● **Work required**: Copy the full listing, changing nothing.

● **Records provided**:

--------------------------------------------------

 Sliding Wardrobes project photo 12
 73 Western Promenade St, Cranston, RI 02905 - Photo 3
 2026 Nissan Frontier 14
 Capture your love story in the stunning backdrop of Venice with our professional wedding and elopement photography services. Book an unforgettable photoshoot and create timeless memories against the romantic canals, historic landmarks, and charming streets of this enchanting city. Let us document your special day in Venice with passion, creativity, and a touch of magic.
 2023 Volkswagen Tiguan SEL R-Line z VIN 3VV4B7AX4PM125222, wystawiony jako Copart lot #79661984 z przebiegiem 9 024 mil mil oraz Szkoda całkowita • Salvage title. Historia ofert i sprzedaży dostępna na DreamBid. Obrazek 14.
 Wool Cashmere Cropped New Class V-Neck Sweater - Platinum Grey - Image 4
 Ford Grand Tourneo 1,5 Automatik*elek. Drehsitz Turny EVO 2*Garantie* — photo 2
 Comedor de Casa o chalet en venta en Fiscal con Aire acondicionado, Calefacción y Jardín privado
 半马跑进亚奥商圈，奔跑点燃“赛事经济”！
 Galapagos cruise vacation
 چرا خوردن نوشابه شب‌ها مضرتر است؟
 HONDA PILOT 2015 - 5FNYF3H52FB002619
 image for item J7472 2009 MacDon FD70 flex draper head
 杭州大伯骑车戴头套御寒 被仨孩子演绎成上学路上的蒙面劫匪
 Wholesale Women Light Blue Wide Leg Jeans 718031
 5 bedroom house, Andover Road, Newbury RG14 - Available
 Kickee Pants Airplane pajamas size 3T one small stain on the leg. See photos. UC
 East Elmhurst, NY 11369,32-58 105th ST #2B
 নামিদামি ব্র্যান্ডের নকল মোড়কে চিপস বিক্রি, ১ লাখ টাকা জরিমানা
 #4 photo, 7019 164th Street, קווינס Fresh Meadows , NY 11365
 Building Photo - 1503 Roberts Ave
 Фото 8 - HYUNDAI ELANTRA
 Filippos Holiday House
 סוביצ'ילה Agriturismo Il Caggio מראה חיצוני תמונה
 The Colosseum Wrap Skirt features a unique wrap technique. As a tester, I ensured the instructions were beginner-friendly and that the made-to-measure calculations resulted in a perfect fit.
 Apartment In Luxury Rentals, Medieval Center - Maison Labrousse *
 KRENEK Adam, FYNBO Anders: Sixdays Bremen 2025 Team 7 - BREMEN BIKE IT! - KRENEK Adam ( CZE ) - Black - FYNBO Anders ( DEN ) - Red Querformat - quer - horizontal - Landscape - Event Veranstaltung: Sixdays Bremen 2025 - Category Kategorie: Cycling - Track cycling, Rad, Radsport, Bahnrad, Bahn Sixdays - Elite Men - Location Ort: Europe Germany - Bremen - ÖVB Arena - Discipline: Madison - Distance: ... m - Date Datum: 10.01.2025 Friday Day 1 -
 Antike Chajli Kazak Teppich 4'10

--------------------------------------------------

● **Output of the exercise**:
 Sliding Wardrobes project photo 12
 73 Western Promenade St, Cranston, RI 02905 - Photo 3
 2026 Nissan Frontier 14
 Capture your love story in the stunning backdrop of Venice with our professional wedding and elopement photography services. Book an unforgettable photoshoot and create timeless memories against the romantic canals, historic landmarks, and charming streets of this enchanting city. Let us document your special day in Venice with passion, creativity, and a touch of magic.
 2023 Volkswagen Tiguan SEL R-Line z VIN 3VV4B7AX4PM125222, wystawiony jako Copart lot #79661984 z przebiegiem 9 024 mil mil oraz Szkoda całkowita • Salvage title. Historia ofert i sprzedaży dostępna na DreamBid. Obrazek 14.
 Wool Cashmere Cropped New Class V-Neck Sweater - Platinum Grey - Image 4
 Ford Grand Tourneo 1,5 Automatik*elek. Drehsitz Turny EVO 2*Garantie* — photo 2
 Comedor de Casa o chalet en venta en Fiscal con Aire acondicionado, Calefacción y Jardín privado
 半马跑进亚奥商圈，奔跑点燃“赛事经济”！
 Galapagos cruise vacation
 چرا خوردن نوشابه شب‌ها مضرتر است؟
 HONDA PILOT 2015 - 5FNYF3H52FB002619
 image for item J7472 2009 MacDon FD70 flex draper head
 杭州大伯骑车戴头套御寒 被仨孩子演绎成上学路上的蒙面劫匪
 Wholesale Women Light Blue Wide Leg Jeans 718031
 5 bedroom house, Andover Road, Newbury RG14 - Available
 Kickee Pants Airplane pajamas size 3T one small stain on the leg. See photos. UC
 East Elmhurst, NY 11369,32-58 105th ST #2B
 নামিদামি ব্র্যান্ডের নকল মোড়কে চিপস বিক্রি, ১ লাখ টাকা জরিমানা
 #4 photo, 7019 164th Street, קווינס Fresh Meadows , NY 11365
 Building Photo - 1503 Roberts Ave
 Фото 8 - HYUNDAI ELANTRA
 Filippos Holiday House
 סוביצ'ילה Agriturismo Il Caggio מראה חיצוני תמונה
 The Colosseum Wrap Skirt features a unique wrap technique. As a tester, I ensured the instructions were beginner-friendly and that the made-to-measure calculations resulted in a perfect fit.
 Apartment In Luxury Rentals, Medieval Center - Maison Labrousse *
 KRENEK Adam, FYNBO Anders: Sixdays Bremen 2025 Team 7 - BREMEN BIKE IT! - KRENEK Adam ( CZE ) - Black - FYNBO Anders ( DEN ) - Red Querformat - quer - horizontal - Landscape - Event Veranstaltung: Sixdays Bremen 2025 - Category Kategorie: Cycling - Track cycling, Rad, Radsport, Bahnrad, Bahn Sixdays - Elite Men - Location Ort: Europe Germany - Bremen - ÖVB Arena - Discipline: Madison - Distance: ... m - Date Datum: 10.01.2025 Friday Day 1 -
 Antike Chajli Kazak Teppich 4'10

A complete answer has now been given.